Short text fragments from websites:
━━━━━━━━━━━━━━━━━━━━━━━━━━━━━━

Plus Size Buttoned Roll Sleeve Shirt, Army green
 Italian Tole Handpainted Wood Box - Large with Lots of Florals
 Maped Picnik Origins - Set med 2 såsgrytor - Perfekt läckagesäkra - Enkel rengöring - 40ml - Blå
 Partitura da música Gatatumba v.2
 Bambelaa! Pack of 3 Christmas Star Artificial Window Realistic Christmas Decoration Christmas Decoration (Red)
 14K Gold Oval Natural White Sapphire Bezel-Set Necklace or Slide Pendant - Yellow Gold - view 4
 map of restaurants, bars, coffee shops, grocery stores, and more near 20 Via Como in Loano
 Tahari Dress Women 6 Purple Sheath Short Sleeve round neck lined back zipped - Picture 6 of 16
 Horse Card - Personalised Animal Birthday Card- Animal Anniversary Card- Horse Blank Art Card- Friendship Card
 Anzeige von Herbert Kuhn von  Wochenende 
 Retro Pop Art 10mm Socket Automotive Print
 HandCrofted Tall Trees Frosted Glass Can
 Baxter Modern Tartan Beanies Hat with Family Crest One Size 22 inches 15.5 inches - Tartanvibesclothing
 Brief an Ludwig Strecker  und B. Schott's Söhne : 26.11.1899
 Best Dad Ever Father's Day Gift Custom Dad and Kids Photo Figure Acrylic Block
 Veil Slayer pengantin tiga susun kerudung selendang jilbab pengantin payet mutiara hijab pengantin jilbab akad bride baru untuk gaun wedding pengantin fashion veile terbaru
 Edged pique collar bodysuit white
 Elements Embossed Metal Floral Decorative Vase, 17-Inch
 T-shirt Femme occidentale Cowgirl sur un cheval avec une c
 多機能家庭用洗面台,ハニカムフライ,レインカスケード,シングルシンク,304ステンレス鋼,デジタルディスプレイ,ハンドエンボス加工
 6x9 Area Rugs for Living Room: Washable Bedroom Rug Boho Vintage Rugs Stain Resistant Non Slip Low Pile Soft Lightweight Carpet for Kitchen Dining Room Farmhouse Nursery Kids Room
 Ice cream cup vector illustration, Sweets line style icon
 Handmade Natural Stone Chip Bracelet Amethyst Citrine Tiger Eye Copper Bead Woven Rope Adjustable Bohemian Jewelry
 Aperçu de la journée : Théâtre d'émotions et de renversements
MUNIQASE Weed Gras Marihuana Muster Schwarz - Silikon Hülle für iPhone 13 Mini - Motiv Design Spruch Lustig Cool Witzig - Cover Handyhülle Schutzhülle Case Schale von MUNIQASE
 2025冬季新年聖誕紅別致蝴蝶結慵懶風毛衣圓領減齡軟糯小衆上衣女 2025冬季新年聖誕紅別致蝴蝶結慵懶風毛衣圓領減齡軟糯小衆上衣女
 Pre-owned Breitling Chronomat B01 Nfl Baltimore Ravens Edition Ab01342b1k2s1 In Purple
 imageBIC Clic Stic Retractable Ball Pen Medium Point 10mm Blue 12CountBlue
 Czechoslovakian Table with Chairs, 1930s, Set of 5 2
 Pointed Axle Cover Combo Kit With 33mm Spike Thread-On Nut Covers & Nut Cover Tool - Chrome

━━━━━━━━━━━━━━━━━━━━━━━━━━━━━━

§ **About this exercise**:
If a line in the records above contains the word "Purple", copy it.

§ **Final answer**:
 Tahari Dress Women 6 Purple Sheath Short Sleeve round neck lined back zipped - Picture 6 of 16
 Pre-owned Breitling Chronomat B01 Nfl Baltimore Ravens Edition Ab01342b1k2s1 In Purple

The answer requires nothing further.